The recipe creation for NOLET’S Silver was a collaboration between eleventh generation sons, Carl Jr. and Bob, and their father, Carolus Sr., tenth generation distillery owner. “Its refreshing floral and fruit-forward flavor highlights a unique combination of botanicals never before used in a gin,” Carl Nolet, Jr. says.
The recipe for NOLET’S Reserve was developed and perfected over 40 years by Carolus Nolet, Sr. The product is designed to be a sipping gin made so through the use of botanicals, including saffron and verbena.

“For years, gin has been recognized as a juniper-forward spirit, but more recently we’ve started to see different interpretations on the spirit which appeal to consumers who likes to be surprised and discover new flavors,” Carl Nolet, Jr., says. “The floral and fruit-forward botanicals of NOLET’S Silver – Turkish rose, peach and raspberry – are a perfect example of this, allowing consumers to find an approachable gin without that juniper-heavy flavor that they can truly enjoy. This unique flavor profile brings a huge amount of versatility in cocktailing.”

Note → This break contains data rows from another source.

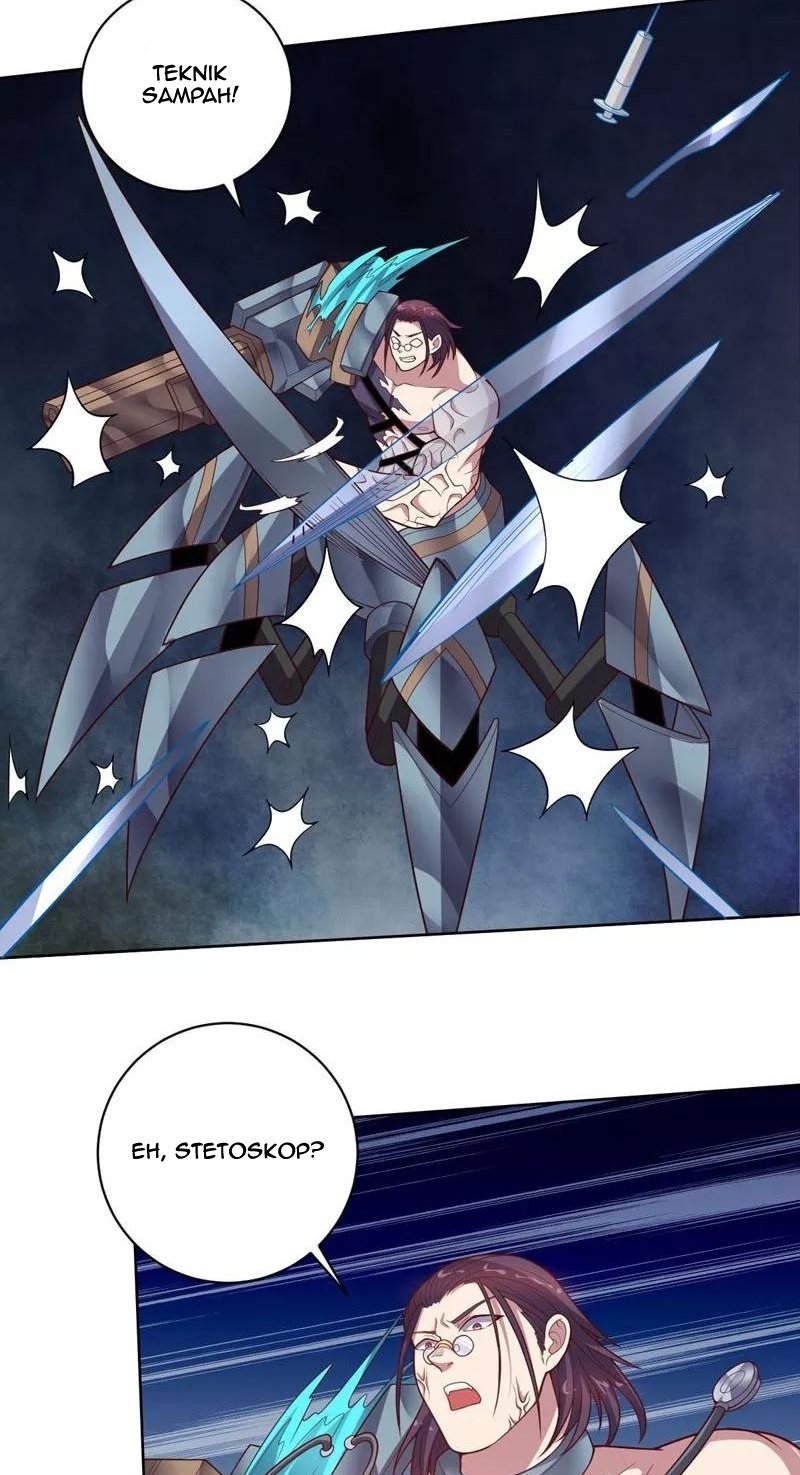 big-heros-girlfriend-is-super-fierce - Chapter: 82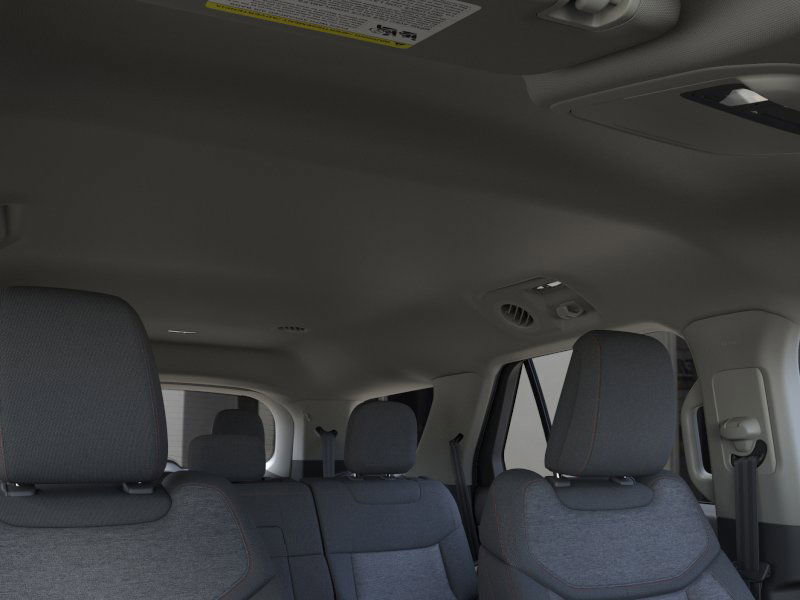 New 2025 Ford Explorer Active image 22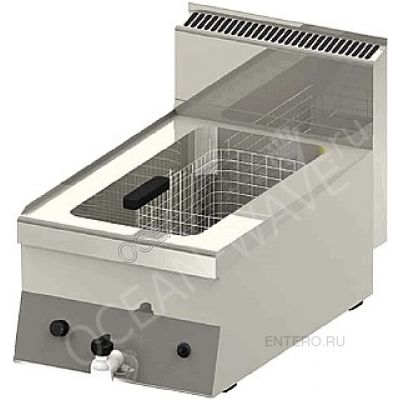 Фритюрница MARENO F64G8 - купить в интернет-магазине OCEAN-WAVE.ru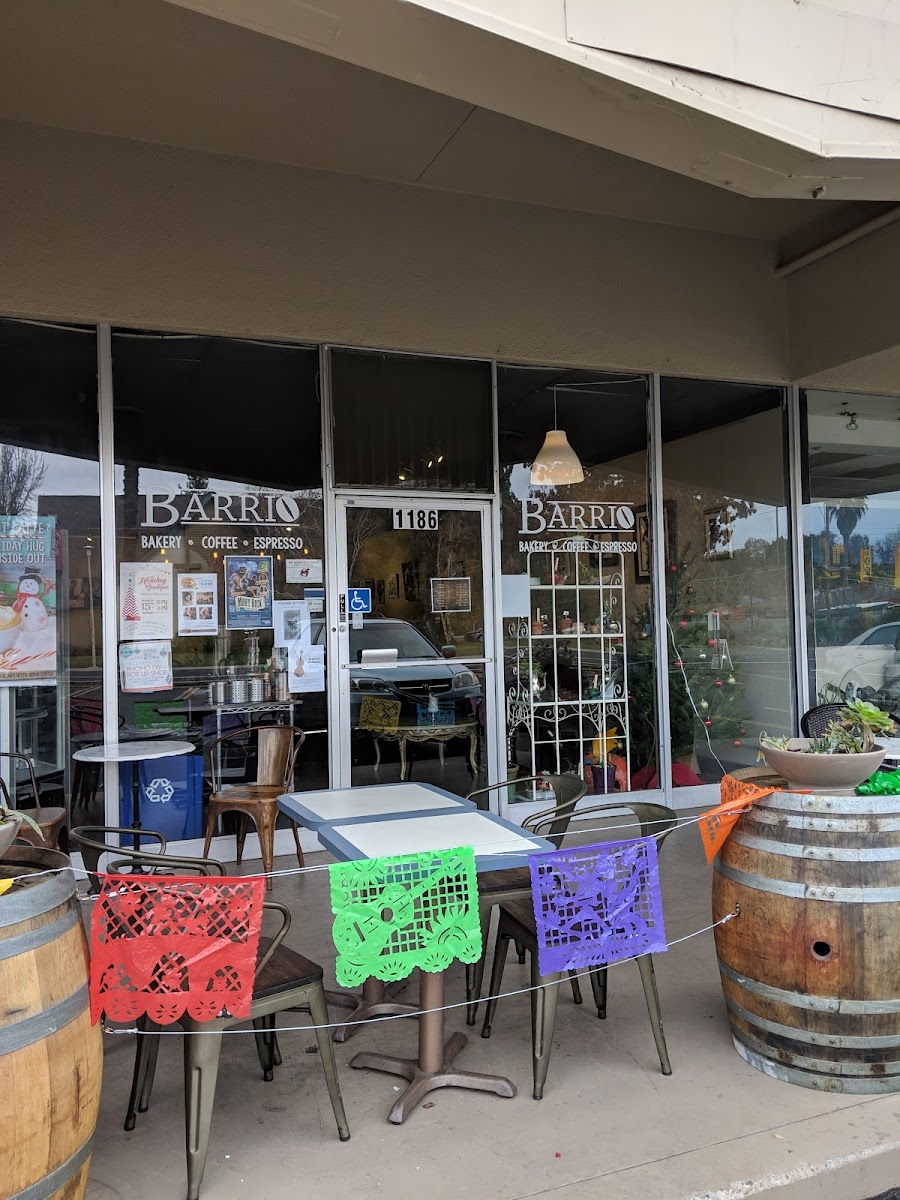 Venus Taproom, Roastery & Pizza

While flying botanicals in from around the world for their gins and sourcing citrus from Sicily, Spain, the Caribbean and Guinea for Ketel One’s Citroen to capitalize on the taste profiles each country produces in its lemons and limes (“climate is the major influencer in shaping the character of citrus fruits,” a rep explains) is the opposite of local, the company says it prioritizes many of the same values that small-batchers espouse.

The key to small-batch success is its self-sustaining nature: the money that small-time producers pour into getting their story out is paid back when consumers buy into the story and the brand.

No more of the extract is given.